Work request: Of the lines in the material below, print only those from the one containing "Saint Laurent Women" to the one containing "Zwei Infanteries&auml;bel M", ends included, exactly as written and without pictures.

Data excerpts:

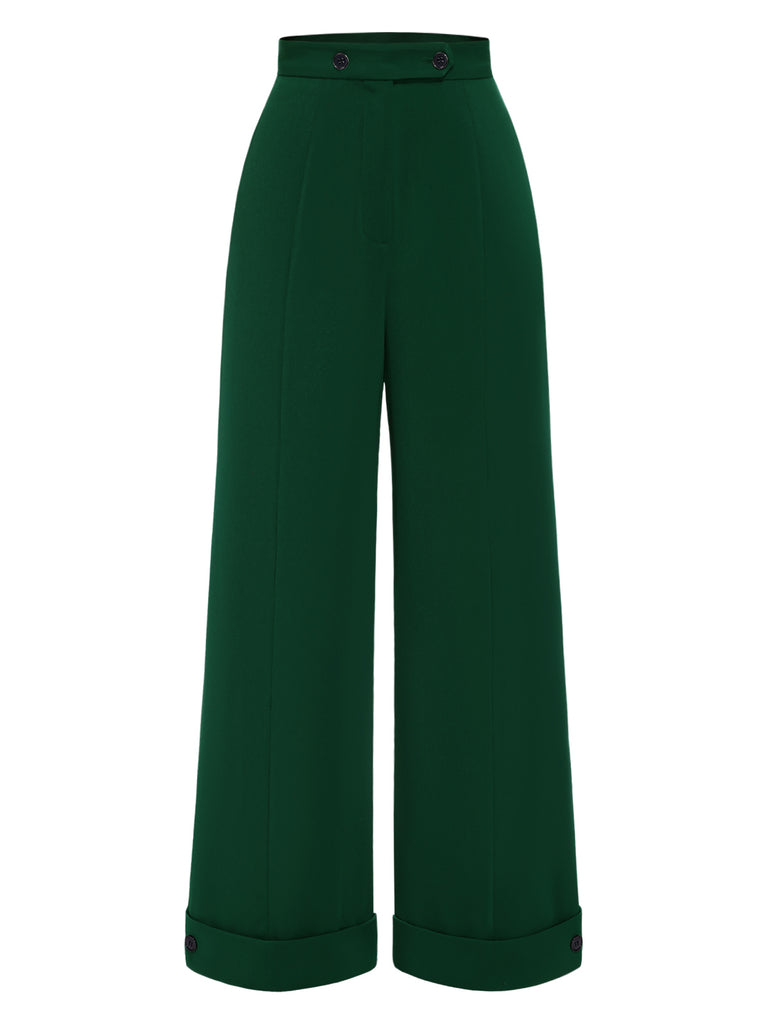 Green 1950s High-Waisted Wide-Leg Pants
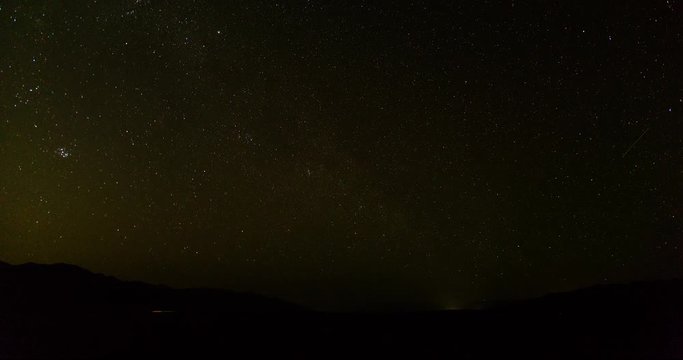 timelapse of stars moving against the landscape of death valley national park in california shot from the salt flats of badwater basin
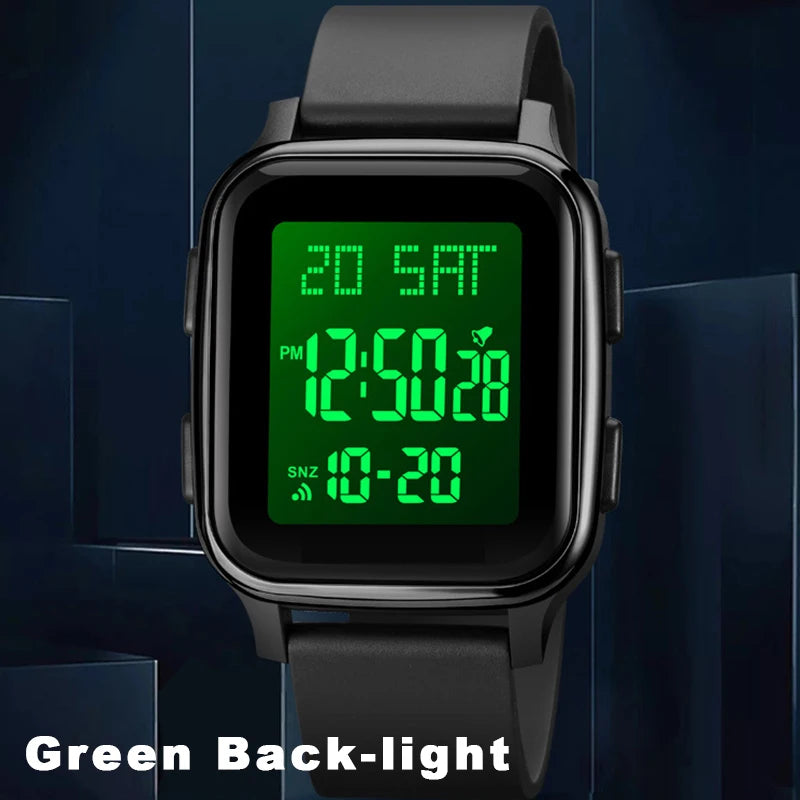 Reloj deportivo YIKAZE para hombre, reloj electrónico multifunción resistente al agua, reloj de pulsera Digital LED ultrafino para hombre y estudiante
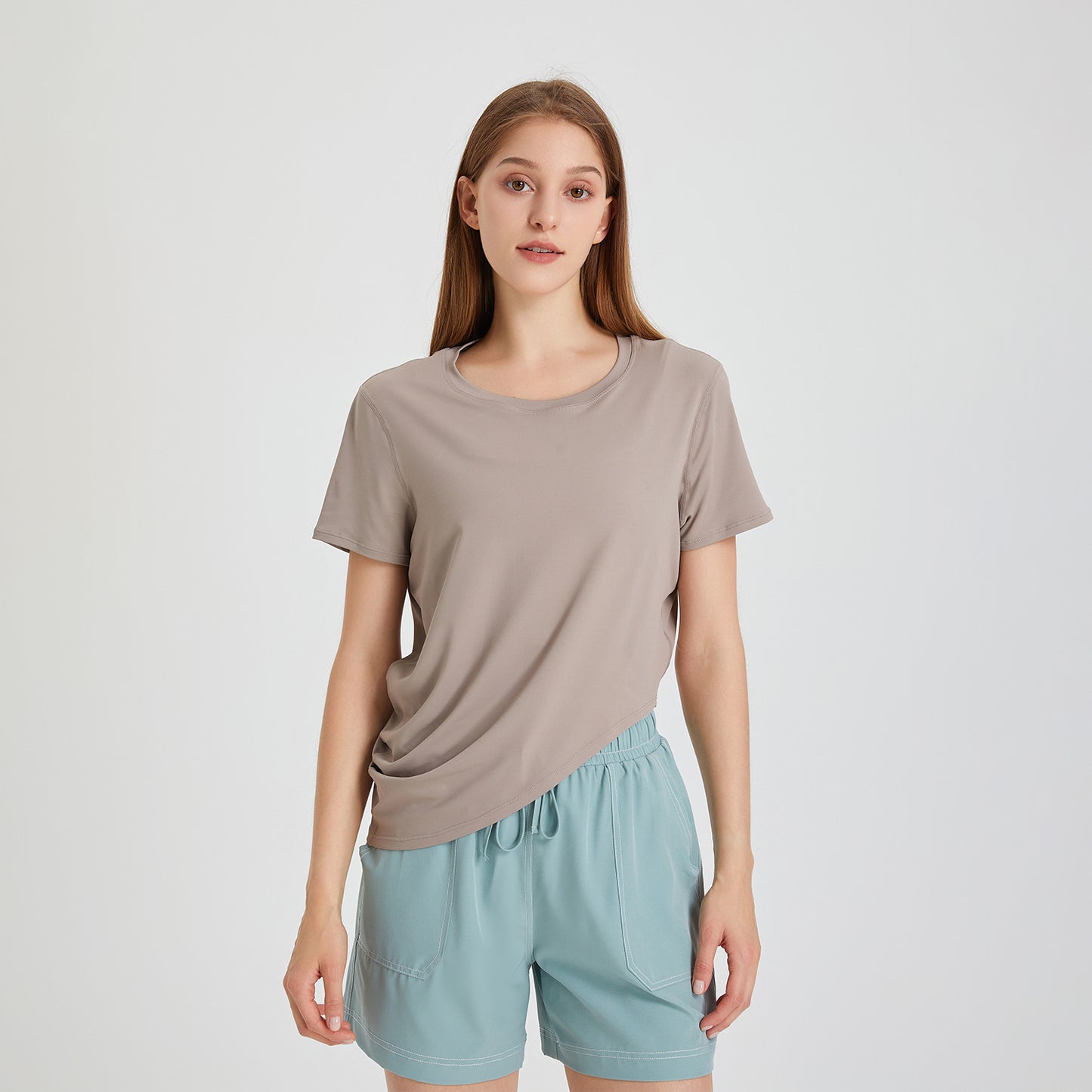 Yoga Vêtements Top Femmes Été Mince Col Rond Peau Respectueux De La Peau Respirant Vêtements D'entraînement À Manches Courtes Course À Séchage Rapide Exercice T-shirt
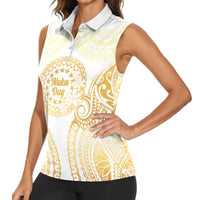 Cook Islands Gospel Day Women Sleeveless Polo Shirt Happy Nuku Day Tiare Maori Gold LT14 - Polynesian Pride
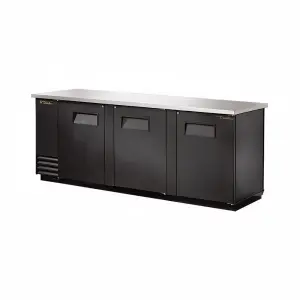 True TBB-4PT-HC 90 3/8" Bar Refrigerator - 3 Swinging Solid Doors, Black, 115v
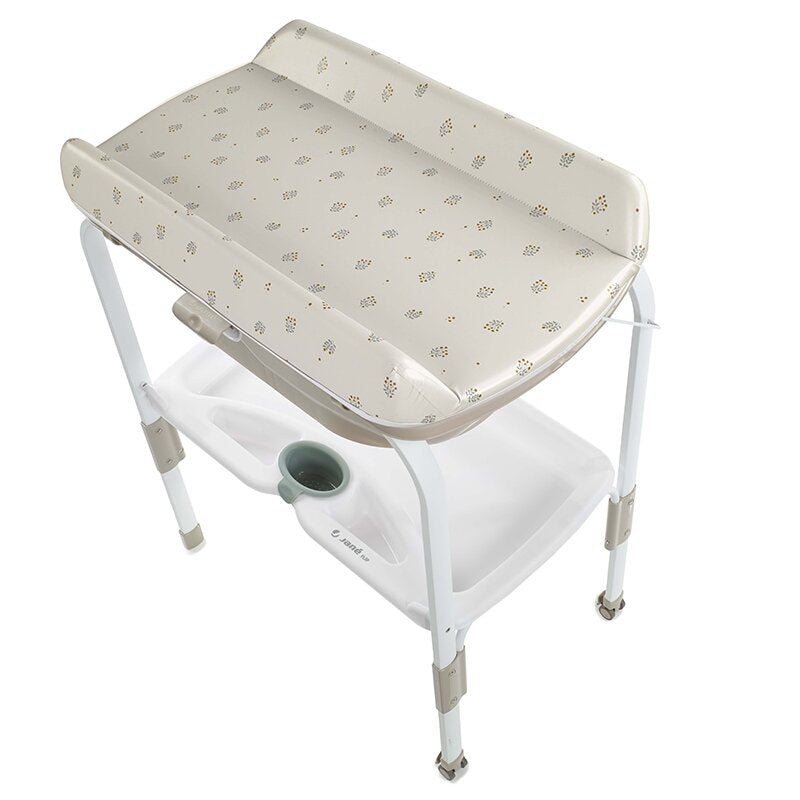Cadita de baie cu suport, Jane, Flip, Cu 2 pozitii anatomice, Cu masuta de infasat, Cu tavita si compartimente pentru accesorii, Conform cu standardele europene EN 17072:2018EN 12221:2008+A1:2013, Mist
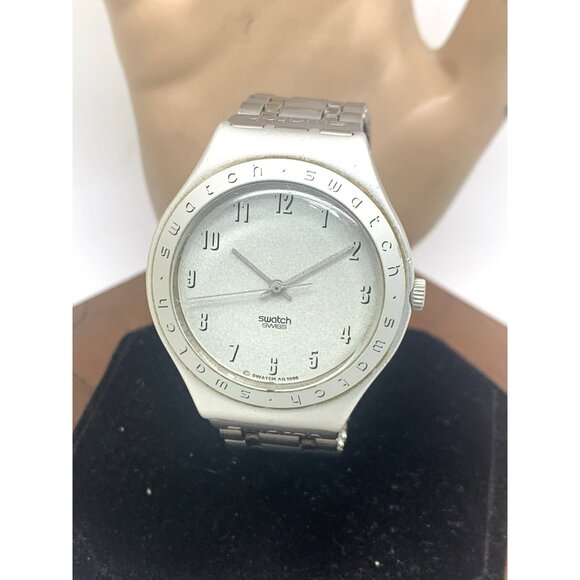 Swatch Other - Swatch Men's Watch YGS1005 Swiss Quartz Vintage 1996 Silver Dial Aluminum 37mm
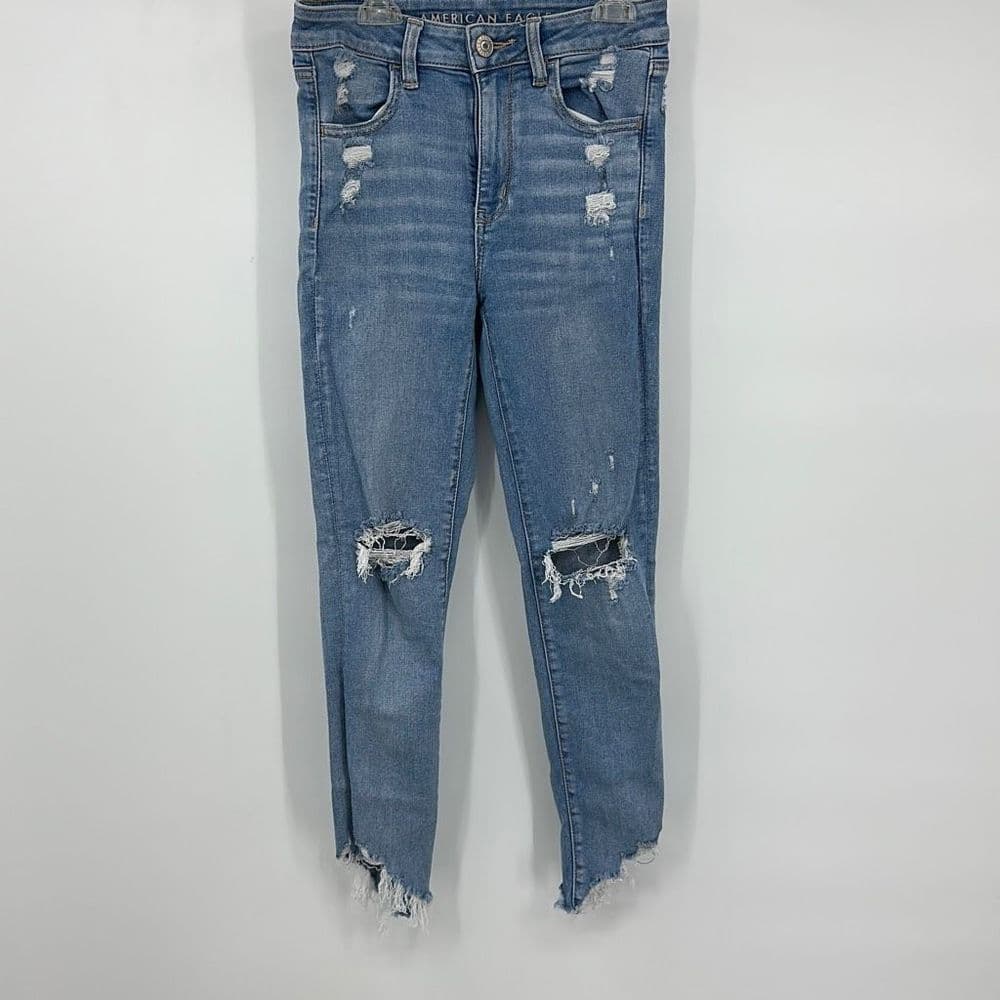 American Eagle Hi-Rise Jegging Crop Distressed Sz‎ 6 Reg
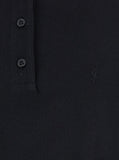 Saint Laurent Women Black Oversize Polo Shirt With Classic Collar And Tonal Logo Embroidery On The Front In Cotton Piquet Woman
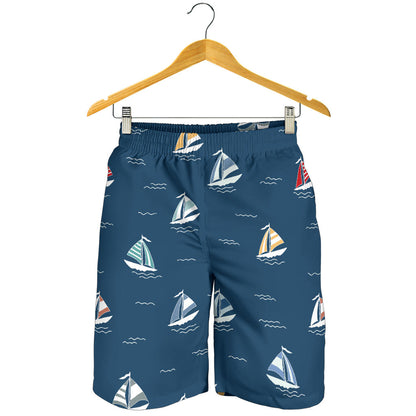 Sailing Ships Pattern Print Design A02 Mens Shorts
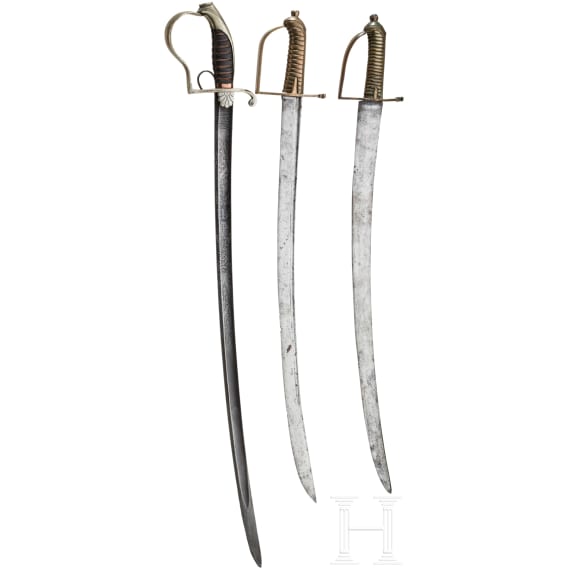 Zwei Infanteries&auml;bel M 1794 und ein B&uuml;rgerwehrs&auml;bel, um 1850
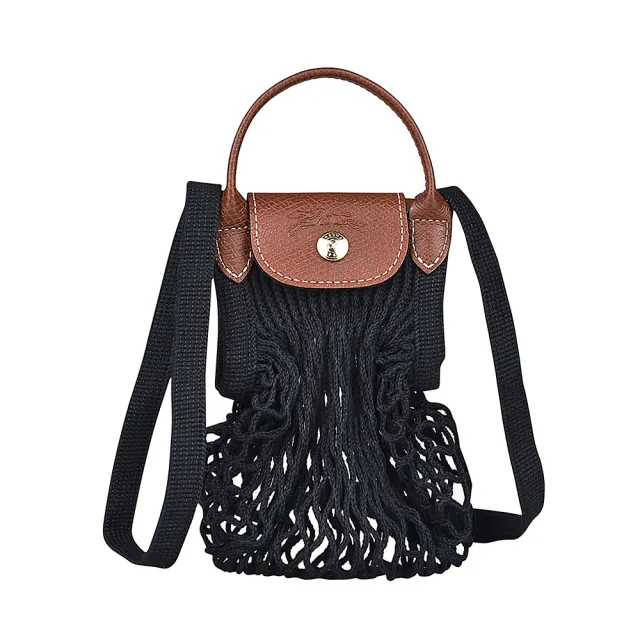 【LONGCHAMP】LONGCHAMP LE PLIAGE FILET經典壓印LOGO棉質飾牛皮邊扣式手提斜背網狀包(迷你/黑)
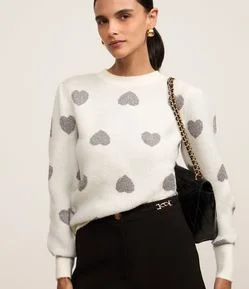 Suéter em Tricô com Corações Estampados e Punho Largo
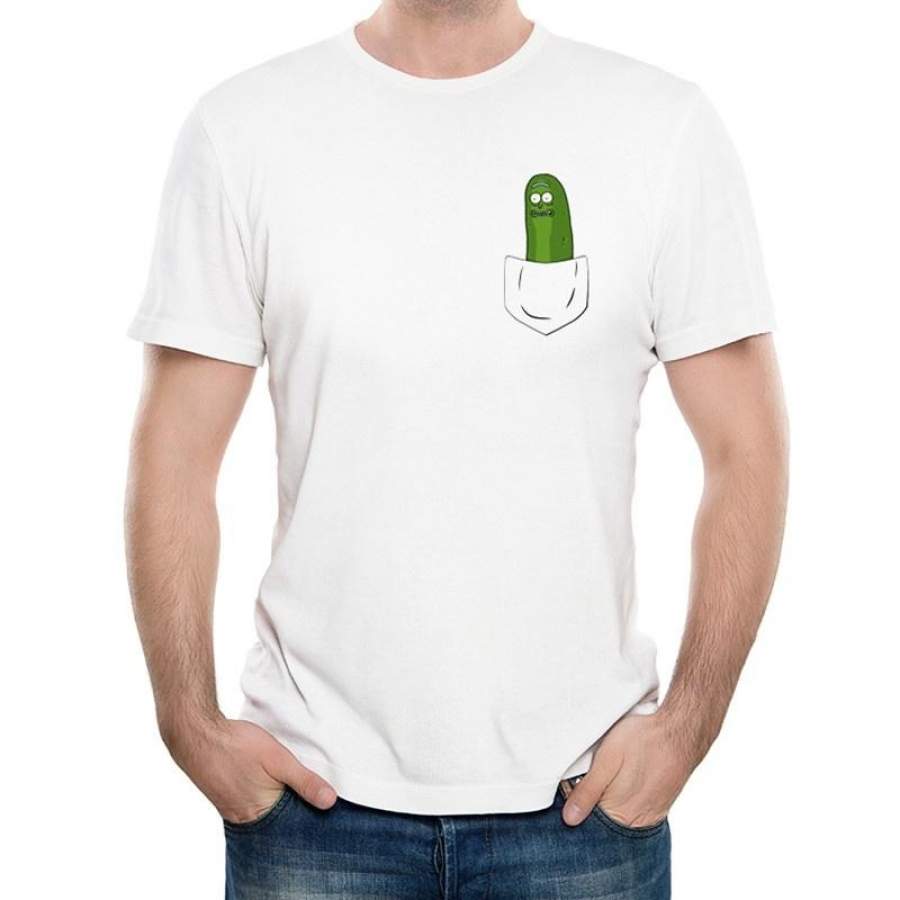 New Arrival I’M Pickle Rick Pocket T-Shirt Men’S Personalized Custom Pocket T Shirts Summer Hipster Basic Tops Tee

Answer area:
 Saint Laurent Women Black Oversize Polo Shirt With Classic Collar And Tonal Logo Embroidery On The Front In Cotton Piquet Woman
 Sailing Ships Pattern Print Design A02 Mens Shorts
 Zwei Infanteries&auml;bel M 1794 und ein B&uuml;rgerwehrs&auml;bel, um 1850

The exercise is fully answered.